Excluding the post-settlement period, firearms in NZ have generally been conceptualised in law and culture as tools rather than weapons — for hunting, sport shooting, or the defence of the realm. Most in existence today are .22 calibre rabbit guns, or bolt-action ex-infantry rifles from the first and second world wars, passed down from father to son, or modern firearms based on near-identical designs, or shotguns designed for gamebird hunting. Partly due to length, partly due to action design and calibre, these are pretty useless for self-defence except for the appearance of threat and as clubs. By the same token, they are far from ideal for offensive use. Part of the reason criminals are rarely armed with firearms is because they are nearly impossible to conceal (which makes carrying or using them a riskier proposition than, say, a knife), and if sawn off below the regulation length of 30 inches, they are still not very convenient, and give police instant cause for book-throwing if discovered.

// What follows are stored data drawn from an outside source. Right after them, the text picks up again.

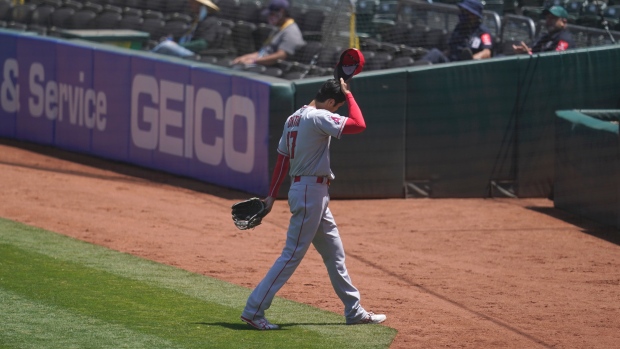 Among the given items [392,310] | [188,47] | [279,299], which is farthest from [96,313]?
[188,47]

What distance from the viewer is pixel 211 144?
40.6 ft

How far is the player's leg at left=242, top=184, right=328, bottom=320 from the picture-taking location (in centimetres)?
618

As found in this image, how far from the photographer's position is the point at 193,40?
15.4 metres

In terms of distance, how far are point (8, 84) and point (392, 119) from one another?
6.26 m

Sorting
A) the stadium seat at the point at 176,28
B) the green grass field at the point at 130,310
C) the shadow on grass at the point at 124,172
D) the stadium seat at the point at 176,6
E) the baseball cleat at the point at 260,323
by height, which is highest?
the stadium seat at the point at 176,6

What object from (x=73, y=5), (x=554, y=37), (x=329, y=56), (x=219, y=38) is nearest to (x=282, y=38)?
(x=329, y=56)

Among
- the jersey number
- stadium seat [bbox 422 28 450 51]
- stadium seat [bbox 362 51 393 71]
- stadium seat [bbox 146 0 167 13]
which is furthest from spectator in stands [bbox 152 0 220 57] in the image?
the jersey number

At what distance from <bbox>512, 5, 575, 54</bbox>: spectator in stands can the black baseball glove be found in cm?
649

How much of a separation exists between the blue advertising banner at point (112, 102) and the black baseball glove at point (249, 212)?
725cm

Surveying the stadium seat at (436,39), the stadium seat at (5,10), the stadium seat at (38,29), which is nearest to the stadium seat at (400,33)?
the stadium seat at (436,39)

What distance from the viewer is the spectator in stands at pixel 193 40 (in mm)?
14016

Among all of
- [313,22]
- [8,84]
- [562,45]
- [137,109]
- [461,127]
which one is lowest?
[8,84]

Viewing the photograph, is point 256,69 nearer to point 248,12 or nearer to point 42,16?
point 248,12

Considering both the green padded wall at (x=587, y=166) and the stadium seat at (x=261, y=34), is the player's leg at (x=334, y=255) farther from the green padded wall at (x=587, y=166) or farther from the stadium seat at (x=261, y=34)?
the stadium seat at (x=261, y=34) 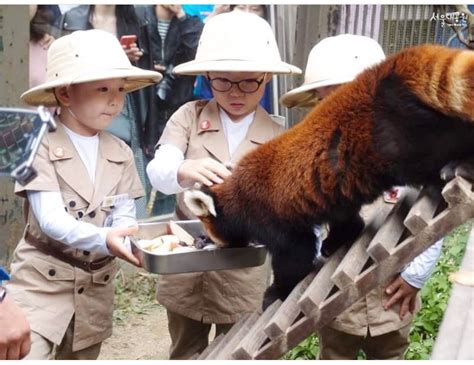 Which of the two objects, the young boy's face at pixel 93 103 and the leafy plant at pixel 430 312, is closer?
the young boy's face at pixel 93 103

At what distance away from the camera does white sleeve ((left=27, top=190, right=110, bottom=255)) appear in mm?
2209

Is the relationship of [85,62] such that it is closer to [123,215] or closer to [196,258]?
[123,215]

There are relatively few pistols or assault rifles in NZ, and those which are owned are very tightly controlled, with extremely high standards required of the owners. The NZ Police apparently operate a “sinking lid” policy on restricted weapons: to gain permission to import or produce one, you need to destroy another. This has driven the market price of such weapons through the roof, putting them out of the reach even of many legitimate collectors; although it must be said that the distinction between a “military-style” semi-auto and any other semi-auto is largely (not entirely) cosmetic, and one is no less deadly than the other. As the rather grim saying goes, the seven-round magazine restriction on an ordinary semi-auto centrefire rifle just means that if you want to kill more than eight people, you’ll need to reload.

Firearm licenses, especially those for restricted weapons like military-style semi-automatics and pistols, are issued at the discretion of an Arms Officer on the basis of the applicant being of “fit and proper” character. The threat of losing the license acts as a firm constraint on legitimate gun owners’ behaviour, with most hunters, collectors, etc. living in fear of having their license revoked. This constraint comes into force, for example, when deciding whether to keep a firearm for self-defence purposes in a country where most potential assailants, burglars, etc. are not themselves armed: if you happen to use it as such, you must then explain to your arms officer how come you had it handy, rather than locked up in its safe, with the bolt and ammunition separated. Most people comply to avoid this inconvenience, and because they know that the chances of a family member actually meeting a life-or-death situation are much higher with a loaded firearm lying around than otherwise.

In general (and again, I don’t have the figures to hand) the vast majority of gun crime in NZ is committed by people without a legal right to own or use a firearm in the first place (being not “fit and proper”). Jan Molenaar was just such a person, so using him as an exemplar of all that is wrong with the system is a bit misleading. It’s certainly an indictment on police procedure following the last shake-up of gun laws. Probably the biggest failure in our gun licensing regime is the lack of a registration system for specific firearms. It’s expensive, time-consuming and bureaucratic but would have been of some use had it been implemented when suggested by the Thorp report, even if just to draw a clear demarcation line between compliant and non-compliant owners. I think that horse has bolted now.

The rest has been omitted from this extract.